**WORK TO COMPLETE:** Return every line of the material exactly.

**GIVEN MATERIAL:**
- Opening Delimiter -
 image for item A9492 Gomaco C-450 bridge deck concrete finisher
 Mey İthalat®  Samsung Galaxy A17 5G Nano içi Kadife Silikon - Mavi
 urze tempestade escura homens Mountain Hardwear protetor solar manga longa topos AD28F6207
- Closing Delimiter -
**SOLVED PROBLEM:**
 image for item A9492 Gomaco C-450 bridge deck concrete finisher
 Mey İthalat®  Samsung Galaxy A17 5G Nano içi Kadife Silikon - Mavi
 urze tempestade escura homens Mountain Hardwear protetor solar manga longa topos AD28F6207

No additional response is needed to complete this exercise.